There is a dark side to Alan Sparhawk, front man-singer-guitar player for the well-known beautiful slow-core band Low. Those who know most of the Low-oeuvre will have noticed some hints of that darkness throughout the years. Early Low wasn't exactly the happiest music, nor was it radio-friendly in some cases. The 14-minute drone of Do You Know How To Waltz of one of their early, and best, albums The Curtain Hits The Cast was a first sign of the hidden and haunting darkness Low possesses. A darkness that comes back from time to time... The EP Songs For A Dead Pilot was a surprisingly experimental and dark record, some songs like the heavy and almost Swans-like Don't Understand from the album Secret Name, or some of the tunes on the Trust-album... And Low-fans will surely remember the message Alan posted on the Low community board explaining in an open and honest way why the band had to cancel some show last year. It was a message of a man in doubt, questioning himself and his surroundings, asking how to go through with the things he was doing. The answer came with The Great Destroyer, an a-typical Low record, a reinvention of the band and its main man.
Solo Guitar, Sparhawks debut album as a solo artist, is not the kind of record you would expect from this polite, kind of shy man. And it also proves that he still has some demons to exorcise. Solo Guitar is exactly how it is titled: a man playing his guitar, no vocals, no rhythm section, just guitars and effects and loops. And the result sounds fantastic. There are two central tracks on the album, adding up to 30 minutes of this 43 minutes long album. If it had been up to me, I would have limited the album to these tracks, because the other seven guitar experiments on the album sound like starts without endings, half tries, unfinished business... not that they are bad, but I felt like they have more potential. For instance, the last tune How It Ends is very much like a small promise of a glorious song.

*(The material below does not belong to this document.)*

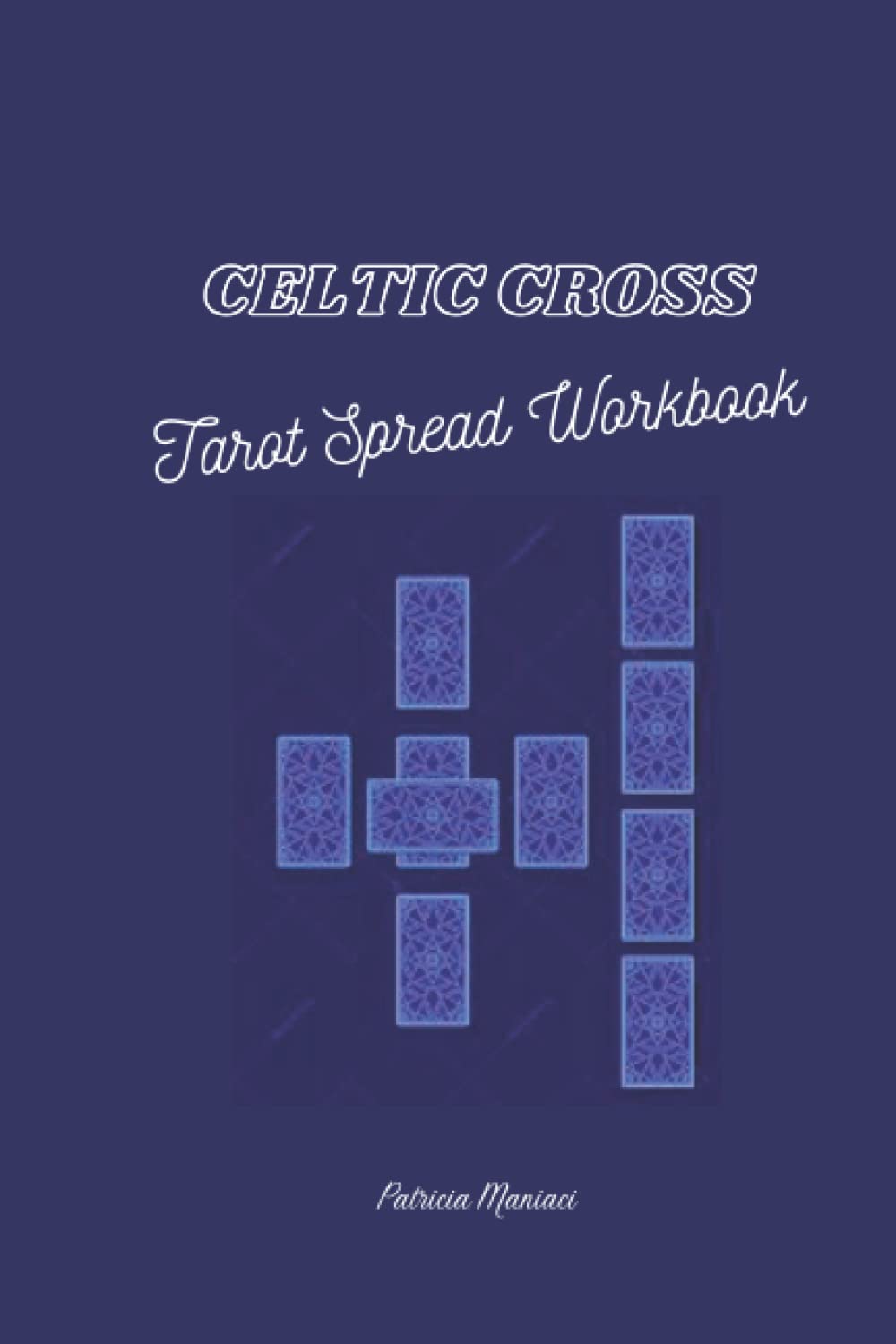Celtic Cross Tarot Spread Workbook: Fine tune your psychic ability.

But let's get to the centre of this record, the two long tracks at the beginning of the album. First there's Sagrado Corazon de Jesu (second attempt) - yes, there's also a first attempt. As its title suggests there is a certain Latin, exotic feel about this track. It starts off with different melodic riffs with long gaps of silence in between, Sparhawk improvising around the same theme, and after about 4 minutes a guitar loop starts running upon which he tortures and beats his guitar (with a bit of imagination one could hear echoes of guitar heroes such as Yngwie Malmsteen or Steve Vai). Then the drone gets more to the foreground and I can imagine Alan Sparhawk standing with his eyes closed waiting for the right moment to release new noise.

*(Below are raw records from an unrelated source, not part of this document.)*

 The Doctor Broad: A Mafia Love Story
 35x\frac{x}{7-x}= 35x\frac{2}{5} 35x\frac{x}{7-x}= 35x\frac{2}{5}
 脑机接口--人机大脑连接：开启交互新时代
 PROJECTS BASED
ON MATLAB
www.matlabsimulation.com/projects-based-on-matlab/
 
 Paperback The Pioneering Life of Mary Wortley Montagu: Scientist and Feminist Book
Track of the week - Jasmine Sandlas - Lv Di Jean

The second track, How A Freighter Comes Into The Harbor, clocking in at 18 minutes, is even more impressive, because it shows in a remarkable way that, even when improvising, Alan Sparhawk is an excellent songwriter. The track starts with single dark notes, again with the long gaps of silence. Sparhawk builds the song layer upon layer, starting off with a high pitched ringing drone floating its way into your mind. At times it reminded me of those drone druids Growing, but this is even more intense. While the Growing sound is comforting and quiet, Sparhawk's sound is uncomfortable, dark and desperate. Again he waits for the best moment to pull out a riff on top of the drones, and as the song evolves the drones are de-layered again, disappear, and what is left is the sound of a buzzing amp. Impressive stuff.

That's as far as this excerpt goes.